We therefore affirm the judgment of dismissal.

FACTS AND PROCEEDINGS

De Leon was an inmate of the California Department of Corrections and Rehabilitation (CDCR) at the times relevant to this proceeding. He has the equivalent of a ninth-grade education and Spanish is his primary language. On July 7, 2015, De Leon’s prison job assignment was to work as an inmate day laborer on a construction project on prison grounds under the supervision of an outside building contractor. The three-story scaffold on which De Leon was standing gave way and he landed flat on his back on the second-story platform of the scaffold. The first responder medical defendants did not apply a neck brace before moving De Leon. Instead, they ordered him to (1) get up, (2) walk to the ladder portion of the scaffold, and (3) climb down the ladder to the ground floor. They sent De Leon to his prison cell without having him examined by a physician. De Leon alleges the negligent acts and omissions of defendants were a proximate cause of the fall and the subsequent negligent acts and omission of the first responder medical defendants exasperated the injuries sustained in the fall.

Following the incident, De Leon was concerned about the long-term consequences and whether he would be able to make a living when he was released from prison. He asked the staff at the prison’s law library to assist him in pursuing litigation. The staff told De Leon he needed to file an inmate grievance on CDCR form 602 to exhaust his administrative remedies before filing a claim form under the Government Claims Act. De Leon believed this advice to be accurate. Subsequently, he learned from another inmate that the government claims form had to be filed six months from the date of the incident, not within six months of the exhaustion of administrative remedies.

On February 5, 2016—a few days short of seven months after the incident—De Leon filed a government claim form along with an application for leave to file a late claim. In April 2016, the Board sent De Leon a letter stating it had denied his application for leave to present a late claim. In addition, the letter stated the Board rejected the claim itself. De Leon believes the Board erred in denying his application for leave to file a late claim because the applicable six-month period should have been tolled while he was exhausting an administrative remedy with the prison based on the erroneous advice of law library staff.

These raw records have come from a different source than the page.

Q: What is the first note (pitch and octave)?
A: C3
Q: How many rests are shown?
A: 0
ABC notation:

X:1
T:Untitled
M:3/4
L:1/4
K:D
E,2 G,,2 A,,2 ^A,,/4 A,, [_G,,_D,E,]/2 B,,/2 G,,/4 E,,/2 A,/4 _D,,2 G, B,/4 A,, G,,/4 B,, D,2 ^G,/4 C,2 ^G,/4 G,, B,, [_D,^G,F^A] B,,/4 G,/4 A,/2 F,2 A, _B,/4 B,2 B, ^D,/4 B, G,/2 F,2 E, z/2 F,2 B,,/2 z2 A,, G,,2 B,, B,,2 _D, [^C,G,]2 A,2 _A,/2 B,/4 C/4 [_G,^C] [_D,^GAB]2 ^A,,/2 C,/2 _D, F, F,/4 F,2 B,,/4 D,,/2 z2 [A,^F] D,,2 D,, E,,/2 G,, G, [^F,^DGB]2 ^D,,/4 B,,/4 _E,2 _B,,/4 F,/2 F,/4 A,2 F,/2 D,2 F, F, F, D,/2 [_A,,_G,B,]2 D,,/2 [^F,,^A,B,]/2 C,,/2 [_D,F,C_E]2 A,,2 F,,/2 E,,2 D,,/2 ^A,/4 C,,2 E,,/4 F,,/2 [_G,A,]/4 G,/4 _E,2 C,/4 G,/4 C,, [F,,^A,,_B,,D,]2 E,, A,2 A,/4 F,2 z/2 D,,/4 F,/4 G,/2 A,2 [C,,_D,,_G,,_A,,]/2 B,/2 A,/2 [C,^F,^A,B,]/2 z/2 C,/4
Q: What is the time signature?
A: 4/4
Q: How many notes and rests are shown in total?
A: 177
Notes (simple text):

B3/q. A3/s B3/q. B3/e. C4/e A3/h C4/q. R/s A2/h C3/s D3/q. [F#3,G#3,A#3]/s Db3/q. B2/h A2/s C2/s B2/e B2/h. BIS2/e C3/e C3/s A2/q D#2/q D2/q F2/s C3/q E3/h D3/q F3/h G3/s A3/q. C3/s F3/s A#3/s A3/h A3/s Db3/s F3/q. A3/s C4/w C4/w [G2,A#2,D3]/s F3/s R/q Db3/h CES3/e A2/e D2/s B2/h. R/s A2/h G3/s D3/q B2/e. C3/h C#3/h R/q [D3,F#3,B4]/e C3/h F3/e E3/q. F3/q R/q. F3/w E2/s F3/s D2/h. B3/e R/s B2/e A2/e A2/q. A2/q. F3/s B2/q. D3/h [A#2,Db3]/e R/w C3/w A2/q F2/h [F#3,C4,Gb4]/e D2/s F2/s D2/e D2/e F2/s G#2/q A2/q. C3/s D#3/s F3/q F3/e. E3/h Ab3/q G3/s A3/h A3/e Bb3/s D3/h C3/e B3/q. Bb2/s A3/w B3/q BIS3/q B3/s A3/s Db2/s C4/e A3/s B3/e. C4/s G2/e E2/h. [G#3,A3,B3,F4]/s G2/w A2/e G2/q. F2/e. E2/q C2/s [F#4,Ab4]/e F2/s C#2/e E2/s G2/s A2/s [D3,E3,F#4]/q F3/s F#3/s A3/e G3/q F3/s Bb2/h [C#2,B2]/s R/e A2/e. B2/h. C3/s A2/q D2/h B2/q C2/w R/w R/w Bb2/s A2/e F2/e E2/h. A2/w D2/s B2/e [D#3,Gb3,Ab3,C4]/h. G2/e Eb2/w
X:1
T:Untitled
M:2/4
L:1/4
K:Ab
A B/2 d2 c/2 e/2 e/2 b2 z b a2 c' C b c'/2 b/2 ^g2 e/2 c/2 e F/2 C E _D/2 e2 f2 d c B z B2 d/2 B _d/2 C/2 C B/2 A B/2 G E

After the Board rejected his application and claim, De Leon attempted to find an attorney who would represent him on a contingency fee or pro bono basis because he lacked the funds to hire an attorney. He was unsuccessful. Papers filed by De Leon with the superior court include copies of three letters from attorneys declining to represent him in the matter. Eventually, De Leon was introduced to an inmate who was a paralegal with experience in personal injury matters. The inmate assisted De Leon in pursuing the petition in the superior court and this appeal.

On June 30, 2017, De Leon filed a petition in the Kings County Superior Court for relief from the claim presentation requirements. This type of petition is authorized and governed by section 946.6. The statutory text creating the limitations period at issue here states: “The petition shall be filed within six months after the application to the board [for leave to present a late claim] is denied … pursuant to Section 911.6.” (§ 946.6, subd. (b).) Here, the petition was filed approximately 14 months after the Board’s April 2016 denial of De Leon’s application for leave to file a late claim.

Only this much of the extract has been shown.